The Bank of Canada has been increasing interest rates, and Canadians are starting to wonder what this means for the real estate market. In a nutshell, higher interest rates can have both positive and negative effects on the real estate market in Canada. Let’s take a look at how these changes might affect Canadian homeowners and potential buyers.

Effect on Homeowners and Mortgage Holders

For current homeowners and mortgage holders, higher interest rates will likely mean an increase in their monthly payments if they are on a variable rate mortgage. This could make it more difficult to continue making payments on their existing mortgages or even pay off their mortgages faster.  If you are getting a new mortgage right now, I recommend going with a 1 year fixed rate.   It’s important to remember that while a rise in interest rates might seem like bad news, it isn’t necessarily a bad thing—it all depends on your personal financial situation.

Effect on Potential Buyers

Higher interest rates can also have an effect on potential buyers looking to enter the real estate market in Canada. With rising interest rates come more expensive mortgages, which could make it more difficult for some people to qualify for a mortgage keeping some buyers out of the market for buying a home or investment property.  With lower demand for real estate comes lower prices, so now may be an excellent time for those who do qualify for a mortgage to enter the market when there is little competition.  

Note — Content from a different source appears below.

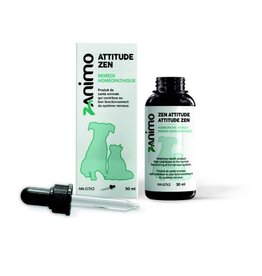 Zanimo Zanimo Attitude Zen Homéopathique 30ml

Effect on Existing Properties

The effects of higher interest rates don’t just impact potential buyers; they also affect existing properties in the Canadian real estate market. For example, if demand drops due to fewer people able to purchase homes under new terms, then existing property values might go down as well. This could be good news for potential buyers who are looking for good deals but bad news for sellers who are hoping to get top dollar from their properties.


Overall, higher interest rates have both positive and negative implications when it comes to the real estate market in Canada. Current homeowners and mortgage holders need to consider how these changes might affect them financially while potential buyers should think carefully about whether now is the right time to purchase a property.  Additionally, existing property owners should hold their properties and keep an eye out for any changes in value that could result from lower demand due to increased borrowing costs. Ultimately, you must decide what is best for you when taking into account all of these factors!